Oh Sweetheart of Mine

I wake up and open a note, folded nicely on my nightstand. 

I'm Anna. You're 74 and I'm 80. We're married. These are the first three things I want you to remind me of when I enter your room at 9 A.M.. I have dementia so I need the reminders. The nurse will wheel me into your room after I've woken up. Can you hold out on eating so we can have breakfast together?

-Anna Lee Hernandez

I take and consume some pills from a sweet nurse.

Anna shows up at 9 A.M. like she said she would with a nurse pushing her chair. I sit up in bed and read the note again and stutter through the reminders.
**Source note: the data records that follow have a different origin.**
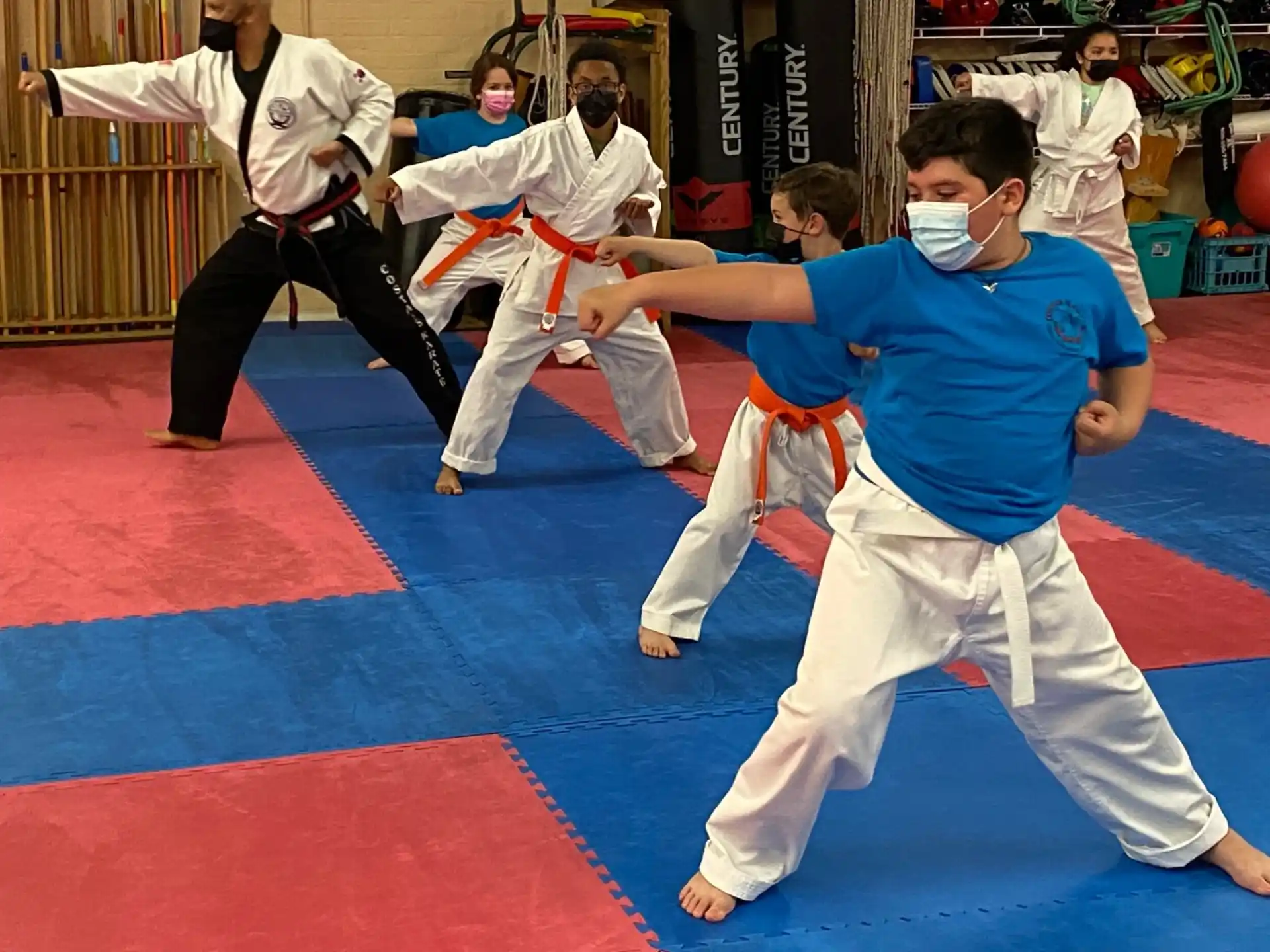a group of people in karate uniforms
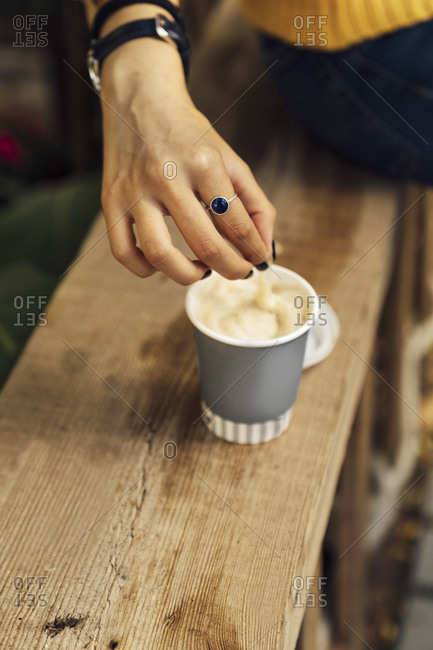 Hand of woman stirring coffee in disposable cup on wooden bench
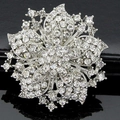Elegant silver flower brooch pin for women inlaid with sparkling crystal rhinestones - White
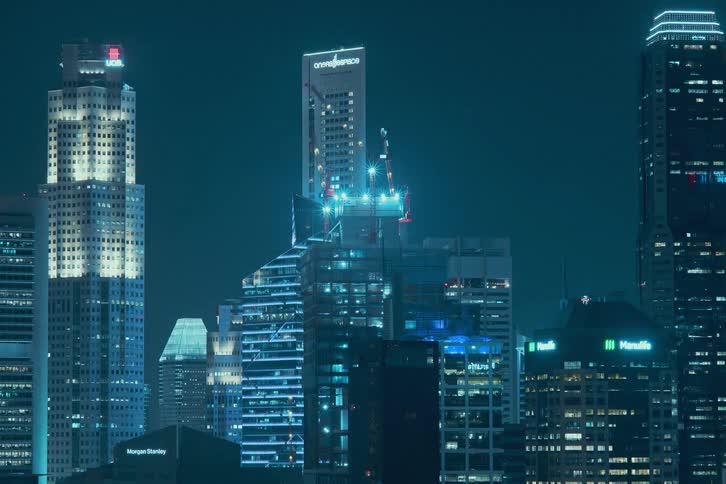 A skyscraper is constructed over time in a metropolis at night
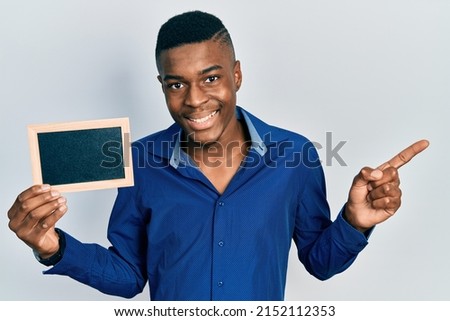 Young african american man holding empty frame smiling happy pointing with hand and finger to the side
I leave out the dementia part, of course. Anna nods, smiles and kisses me. I kiss her too and she tastes like toothpaste. 

"I love you, Anna," I say. 

"I love you too," she says. She helps me out of bed and calls me "silly", but it feels good to hear it from her. She makes my bed even though the nurse tries to do it. Anna just says, "wheel me when I ask please" and lets the nurse wheel her while she makes my bed. I grab my walking cane and walk beside them. 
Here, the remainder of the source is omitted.